**Material provided:**
================================
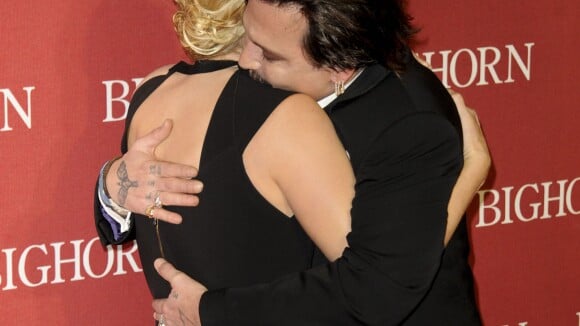 Kate Winslet dans les bras de Johnny Depp, non loin de son épouse Amber Heard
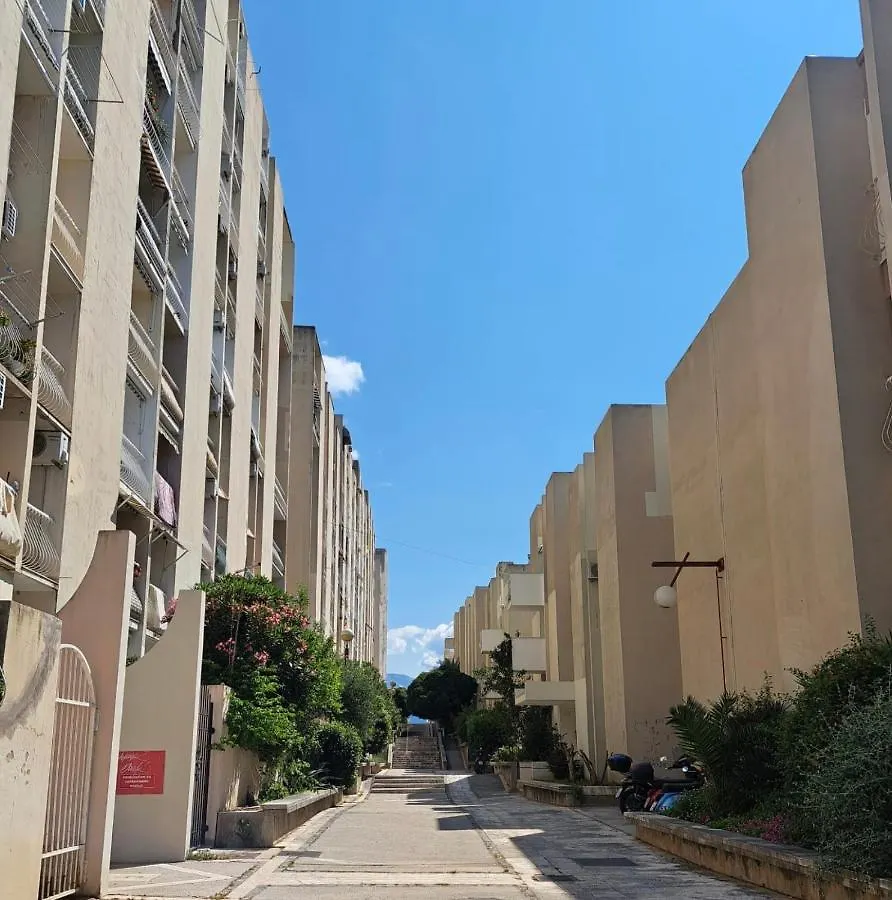 Trstenik Central Split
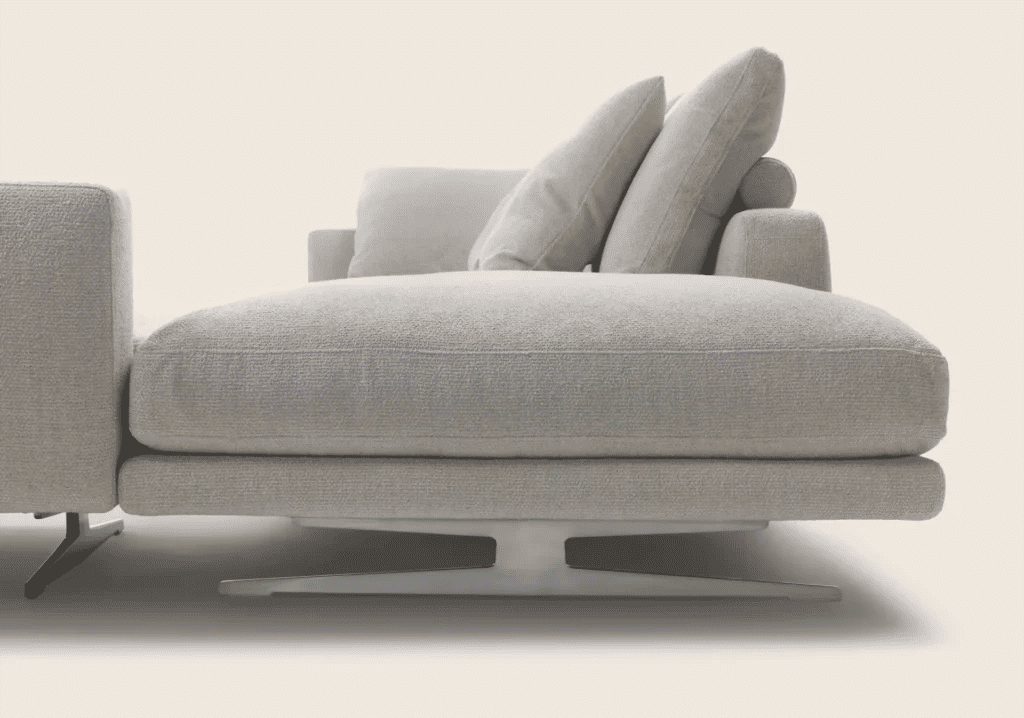 Dieses Foto zeigt das lineare Sofa Campiello von Flexform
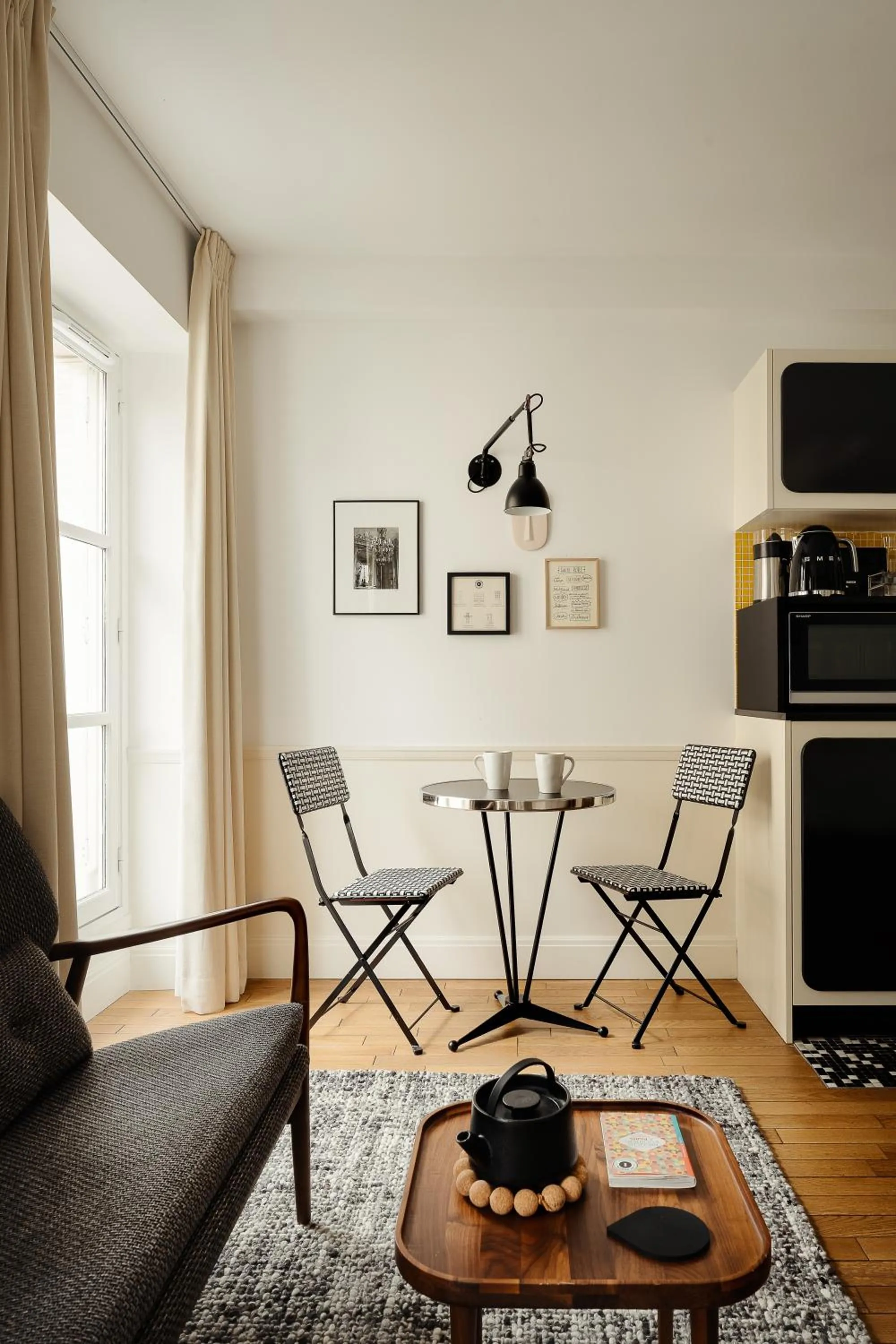 Dining area in My Maison In Paris - Louvre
================================
**Aim of the exercise:**
Without including any picture, write out the material above exactly.

**Task response:**
 Kate Winslet dans les bras de Johnny Depp, non loin de son épouse Amber Heard
 Trstenik Central Split
 Dieses Foto zeigt das lineare Sofa Campiello von Flexform
 Dining area in My Maison In Paris - Louvre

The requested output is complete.